Death of General Wolfe, 1773, James Barry
Jupiter and Juno on Mount Ida, 1773, James Barry
Back in England, Barry painted two mythological works, a Venus and a Galatea so well received they were compared to similar efforts by Raphael and Titian. The following year (1773), Burke painted Jupiter and Juno on Mount Ida (left). For his friend and patron, Burke, he painted Mercury inventing the lyre, and Narcissus. So long as he stuck with mythological subjects, Barry seems to have done okay. But when he switched to history painting with his Death of General Wolfe (French and Indian War, in Canada), his decision to paint the stark reality of battle caused him to depict both warring armies in battle-worn, even primitive uniforms, which  marked the beginning of his downfall in popularity. His work was compared unfavorably with that of the American painter, Benjamin West, painting of the same incident, and the portraiture of the British master of the "Grand Style," Sir Joshua Reynolds.

The Great Room of the Society for the Encouragement of Arts, Manufactures, and
Commerce after 1781 when James Barry got done with it. 

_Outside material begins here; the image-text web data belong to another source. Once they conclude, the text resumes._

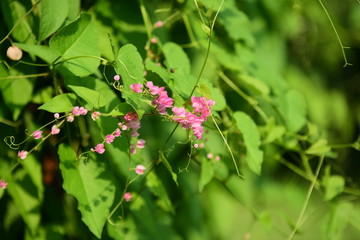 gree leaf in my garden,small pink flower and green leaf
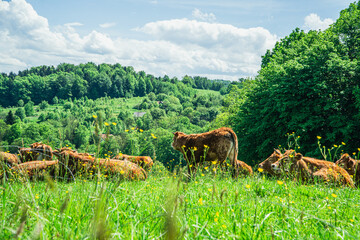 Krowy na pastwisku w górach wiosną, podczas pięknej słonecznej pogody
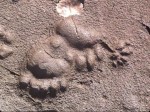 Bear tracks in the mud near Big Thompson River west of Loveland via Craig Young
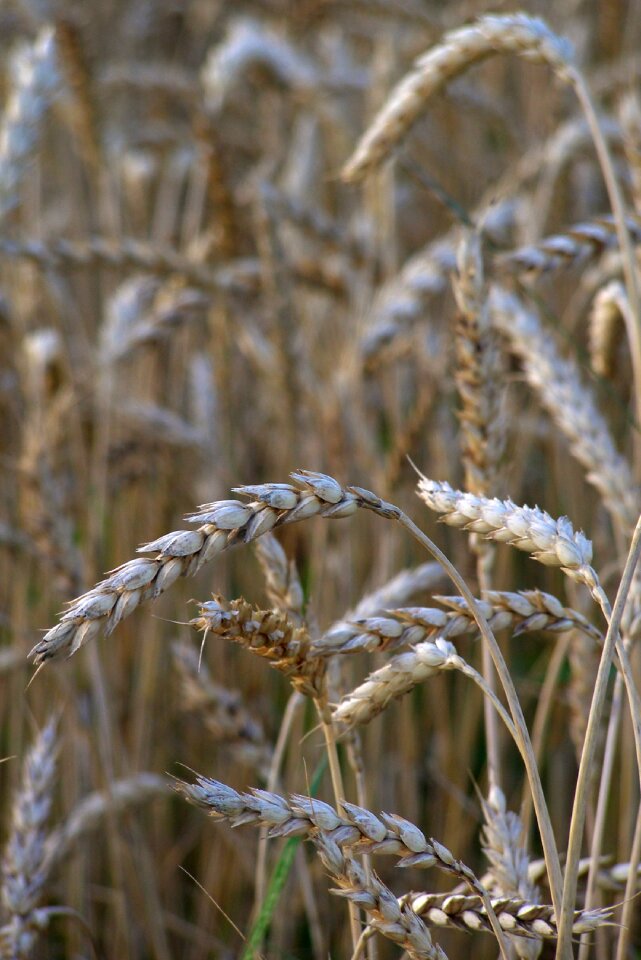 Grains mature field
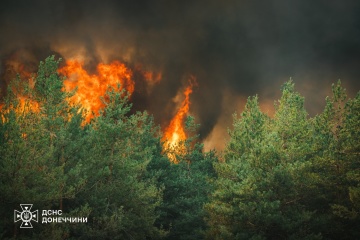 Large forest fire from Russian shelling extinguished in Donetsk region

Adverse criticism brought out the worst in James Barry. He began a feud with Reynolds that lasted the rest of their lives and even had a falling out with his chief patron Edmund Burke over retouch work Barry refused to do on a portrait of Burke (above, right). Burk turned his patronage to Reynolds, which infuriated Barry. From that point on, jealous as hell, Barry became something of the "bad boy" of British art, his reputation falling into decline and his likability following closely behind. His design plans to decorate the new St. Paul's Cathedral fell through when the Archbishop of Canterbury and Bishop of London couldn't agree on Burke's subject, the rejection of Christ by the Jews. Though embittered by the London academic establishment, of which he was technically a member, Barry joined a list of other prominent artists, including West and Reynolds, in a proposal to decorate the Great Room of the Society for the Encouragement of Arts, Manufactures, and Commerce (today the Royal Society of Arts). That too came to naught for lack of agreement among the artists as to subject matter.

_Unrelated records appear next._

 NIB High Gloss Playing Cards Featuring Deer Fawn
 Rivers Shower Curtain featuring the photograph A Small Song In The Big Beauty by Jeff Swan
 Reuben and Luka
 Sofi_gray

The progress of human knowledge and Culture, 1777-81, James Barry
This time, however, Barry saw an opportunity for his own benefit, offering to do the entire room on his own in return for the cost of paint, canvas, and models. The one stipulation he insisted upon was a free choice as to the subjects of the six paintings needed to cover the bare walls. The British, always on the lookout for a good deal, accepted his offer. Later, his work meeting with general approval by all, Barry was paid a pittance for his efforts. The painting, Commerce, or the triumph of the Thames (top), was the fourth of the six. It's companion piece, The progress of human knowledge and Culture (above) was touted by the English critic, Andrew Graham-Dixon, as "Britain's late, great answer to the Sistine Chapel." Michelangelo would have gone ballistic.

The Birth of Pandora, 1791-1804, James Barry, his last painting.

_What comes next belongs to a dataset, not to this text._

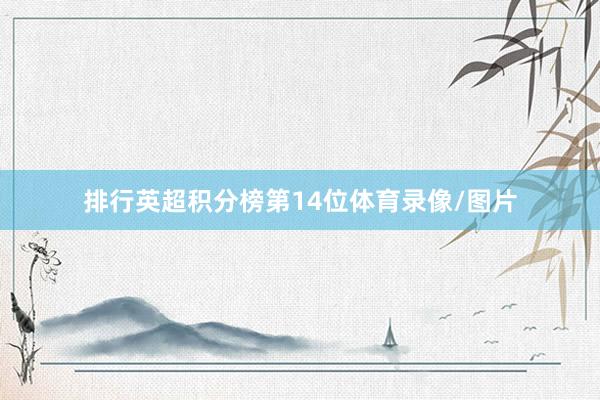 排行英超积分榜第14位体育录像/图片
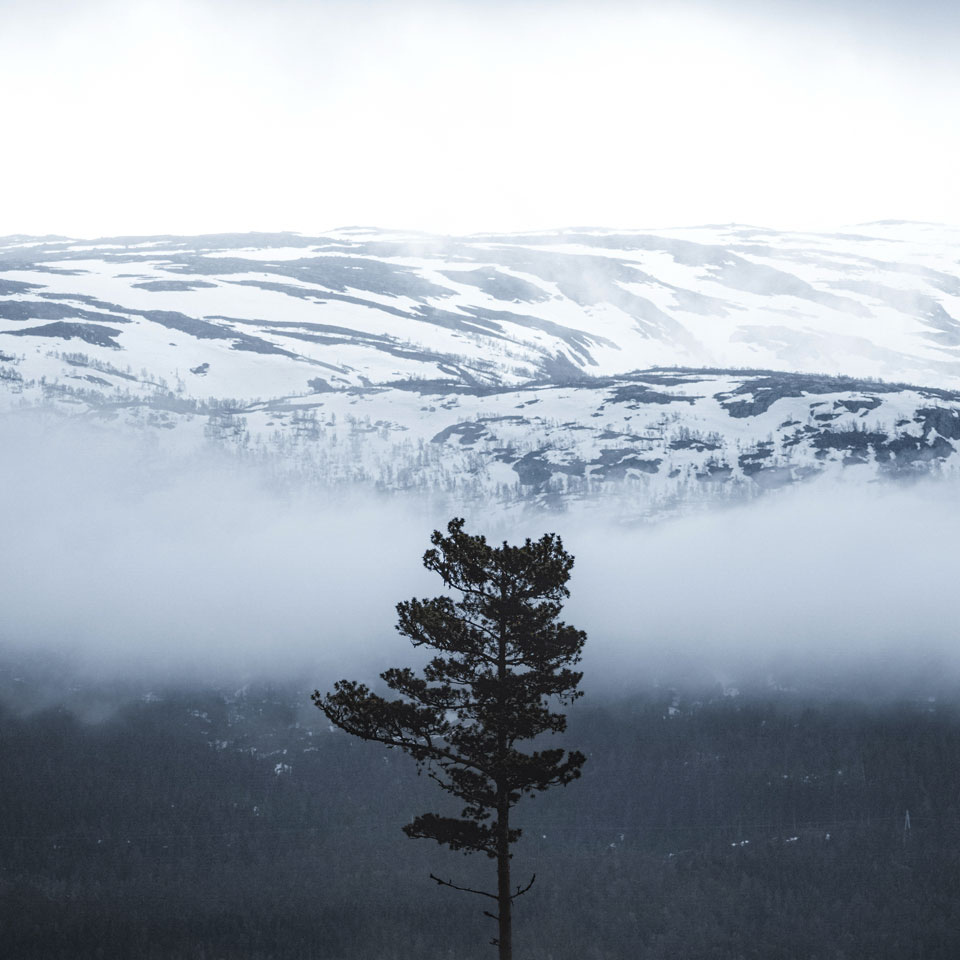 /en-ca/-/media/stresslesssite/magasin/artofwinter/winter_brand_960x960.jpg?cx=0&cy=0&cw=1200&ch=1200&hash=D6C577EA25AFEED629E24B792A857BCB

Despite the relative success of his "Great Room" paintings, Barry was no more appreciated as an artist than before, and as a result, his temperament likewise failed to improve. In fact, it grew worse as he took to writing in the "art press" of his day criticizing and berating the Royal Academy, of which he'd been a member since 1771. As a result, Barry became the first and only member (until modern times) to formally be expelled from the group. The expulsion cost him is thirty-pound per year salary, though his few remaining friends managed to pull together a thousand-pound annuity to see to his financial needs along with a house in with to live and paint. Ironically, James Barry died in 1806 while working on a painting he titled The Birth of Pandora. Maybe her box should have remained closed.

Kinderzene, a painting so out of character for Barry both in style and content as to lead one to question its attribution. But then again, some art historians believe James Barry may have, in fact, been a woman, secretly living her entire life as a man.